Parents, you need to accept that the iPad is no longer the new baby sitter. Don't spoil your child with devices, and actually pay attention to them. If you're on a road trip with with your family, give your young kids books, or show them educational videos on important subjects and facts. I would understand if you're busy with things, but if you're one of those busy parents and reading this, then you're just lying to yourself. If they play video games, play with them. Watch them, and read with them. Don't just focus on work or sleep all day.
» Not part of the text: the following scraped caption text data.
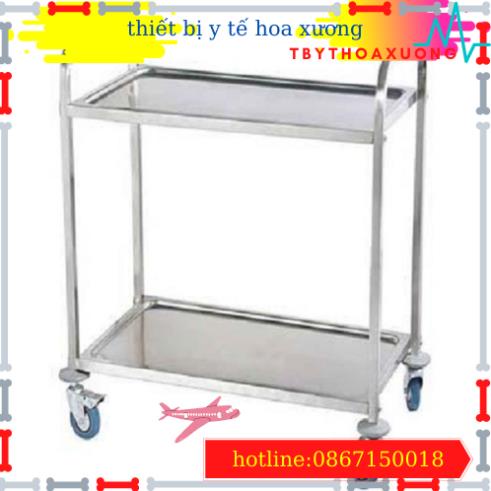 (giá xưởng)Xe Đẩy Inox 2 Tầng- Xe Tiêm Inox 2 Tầng Thiết bị phòng khám,Spa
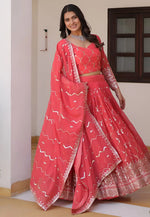Load image into Gallery viewer, Pink Faux Georgette Lehenga Choli
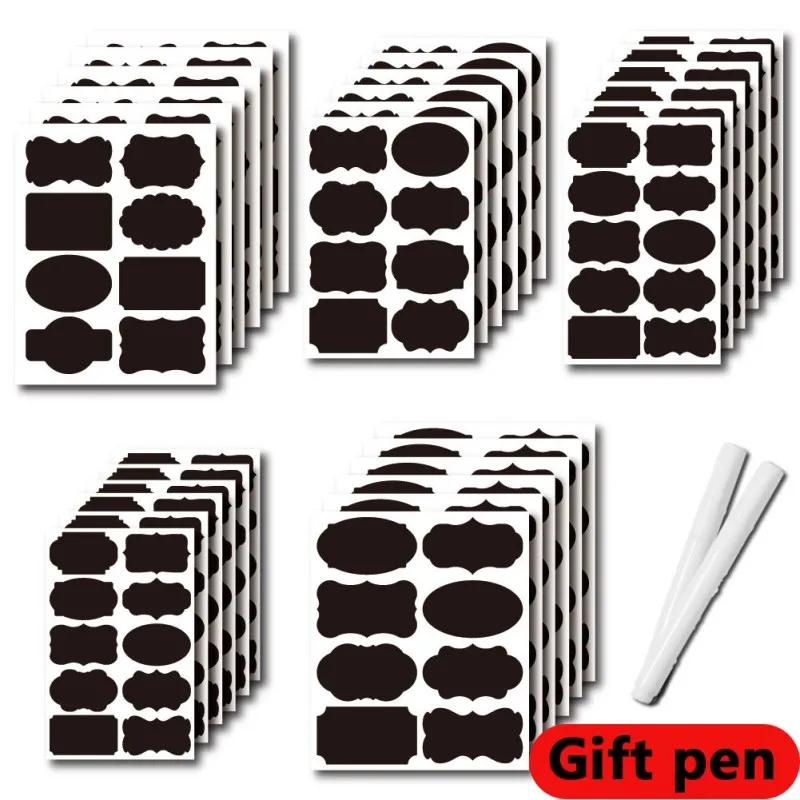 48 Pieces/Set, Erasable Blackboard, Waterproof Seasoning Bottle Labels, Black PVC Stickers, Reusable Pen Feed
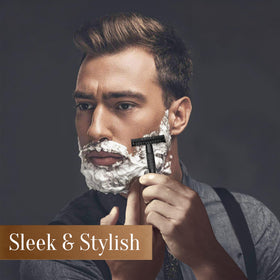 FACON stainless steel razor handle weighted for balance.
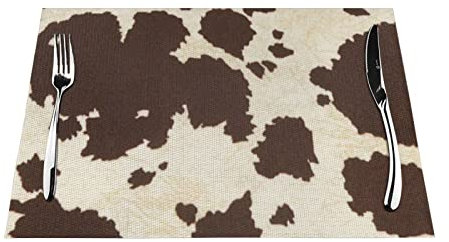 Platzdeckchen mit Kuhfell-Druck, PVC, gewebt, waschbar, hitzebeständig, 45 x 30 cm, 4 Stück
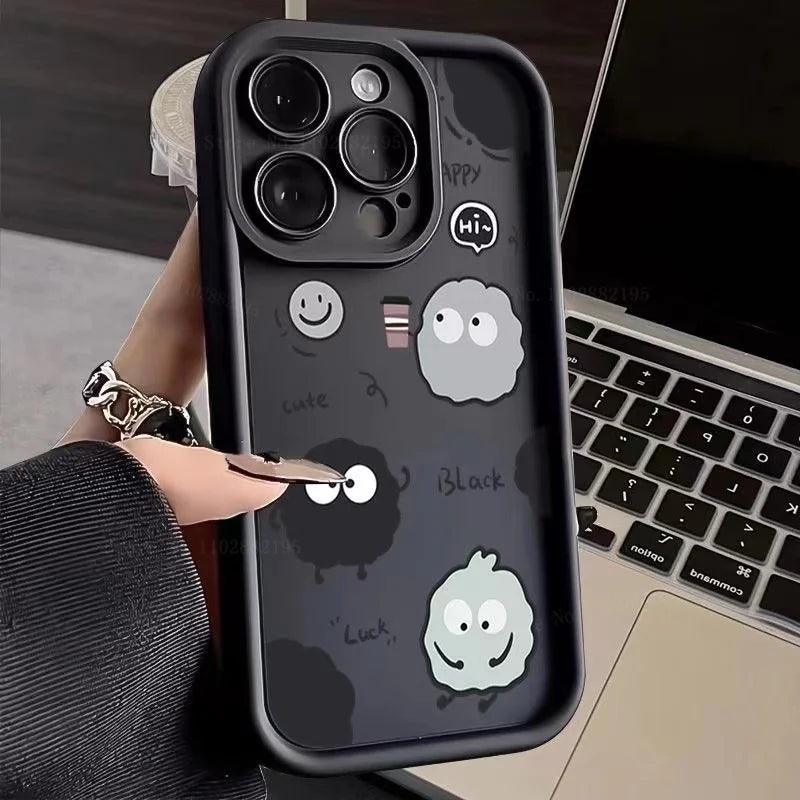 TSP107 Cute Phone Cases For iPhone 11, 12, 13, 14, 15, Pro Max, XS, XR, X, 8, 7 Plus, and SE2 - Cartoon Worm Back Cover - Touchy Style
Actually pay attention.
Teen, 15 years old written by Common sense LST

a baby shouldn't really use an electronic device unless it is for a lot of educational videos. like baby Einstein, for example. just eventually wean your baby off of the devices, and only show your educational videos on the devices. or you can also use it for videochatting with other relatives. and give your baby other ways of TLC.
Adult written by mswise

A baby has no reason to be taught to spend time with an iPhone. You're the adult; you set the boundaries. If you're clear within yourself that this is not an appropriate play toy, you'll be able to respond with clarity and continuity. And with consistent boundaries, the baby will learn quickly. Find some kind of alternative special toy or item to offer the baby when you, the adult, need to use your phone. At the same time, be conscious of how you use your phone in the presence of the child. If she/he senses that your attention is more invested in the little screen, that can certainly be upsetting for a little one and they will act in such a way as to get your attention.
Teen, 13 years old written by BallerTy97

Say no to your kid. If you just give her what she wants whenever she wants it, she'll eventually catch on. She'll realize, "Hey, when I cry, mommy/daddy gives me whatever I want!" Don't let your kid get spoiled. You need to teach them that they won't always get what they want.